Many foods contain much water and have a pleasant taste but there is very little solid matter present to form flesh or to supply fuel to the body. Water melons, cucumbers, oysters, lobsters, bananas, cabbages and apples are expensive foods as they contain little nourishment.
Fig. 19. Each of these three foods will give the body the same nourishment, but the fish costs ten times as much as the corn meal.
Wheat flour, corn meal, and potatoes are cheap foods. They are rich in flesh and fuel making power. Ten cents' worth of corn meal will furnish as much nourishment as two dollars worth of oysters. A dime spent for stewing beef will secure more food value than twenty-five cents spent for sirloin steak.
Good food can be secured for a small amount of money if the housekeeper is careful to purchase what contains the most nourishment for the least cost. The daily cost of food for a family of five persons living largely upon wheat bread, corn meal mush, beef stew, small dried beans, potatoes, oatmeal and two quarts of milk, with a little of the cheapest fruit and green vegetables in season, need not exceed seventy-five cents.
The eating of large quantities of meat is responsible for much ill health. Intemperance in the use of meat and alcohol is one of the important causes of disease of the kidneys. Those who live much indoors should not use pork or fried meats more than once or twice weekly. Baked fish and roasted or boiled beef or mutton should be eaten only once daily by those taking little exercise.
The same nourishment supplied by meats may be purchased for less money spent for eggs, milk and vegetables. Sirloin, round, and rump steaks are expensive cuts and furnish, but little more nourishment than chuck or brisket costing one third as much (Fig. 23).
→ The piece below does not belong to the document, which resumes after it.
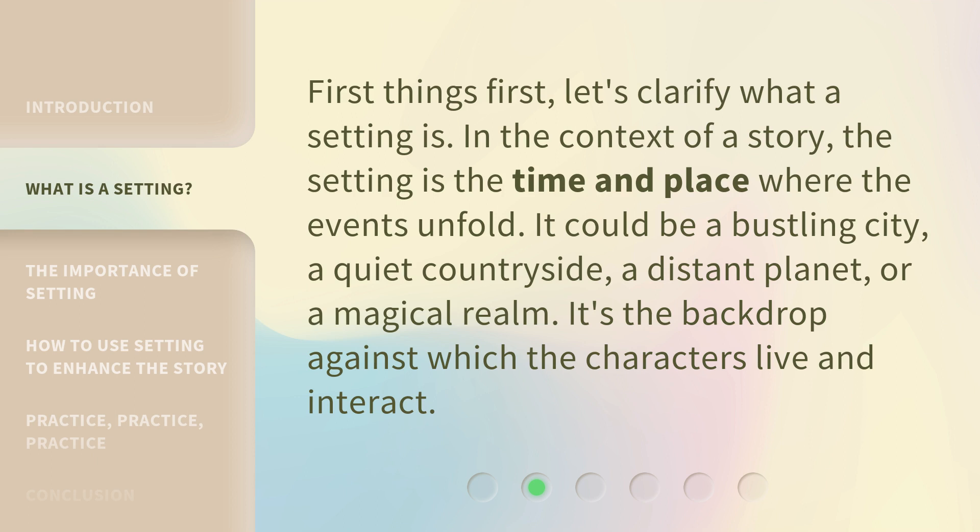First things first, let's clarify what a setting is. In the context of a story, the setting is the time and place where the events unfold. It could be a bustling city, a quiet countryside, a distant planet, or a magical realm. It's the backdrop against which the characters live and interact.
Eggs contain much substance for the making of flesh and also a considerable amount of fat. They form an excellent food especially for invalids, and children over nine months old They are most easily digested when beaten raw in a glass of milk. Soft-boiled eggs are also easily digested.
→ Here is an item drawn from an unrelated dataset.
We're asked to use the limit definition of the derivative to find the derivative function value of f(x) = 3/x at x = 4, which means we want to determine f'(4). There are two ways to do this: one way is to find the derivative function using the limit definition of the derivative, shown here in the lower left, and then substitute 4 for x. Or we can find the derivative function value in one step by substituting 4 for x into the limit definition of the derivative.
Fig. 20. A bottle of milk showing of what it is made. Proteid is the flesh building food.
One dozen eggs furnish about the same amount of nourishment as a pound of beef sirloin.
The one food of more importance than any other for man's welfare is milk. Seven eighths of it consists of water but the other eighth contains all the elements needed for the body. Anyone can live for years upon milk alone, but for adults it is more useful when taken with other foods.
Milk is easily digested and is, therefore, an excellent food for children and invalids. It contains much mineral matter for making bones and is rich in other substances needed to form flesh and blood. Three or four glasses of milk may be used daily by most children with marked benefit. It should not be swallowed rapidly like water, but taken slowly in sips. When taken cold it may not agree with some persons. It should then be sipped slowly while very hot. In heating it, do not let it boil.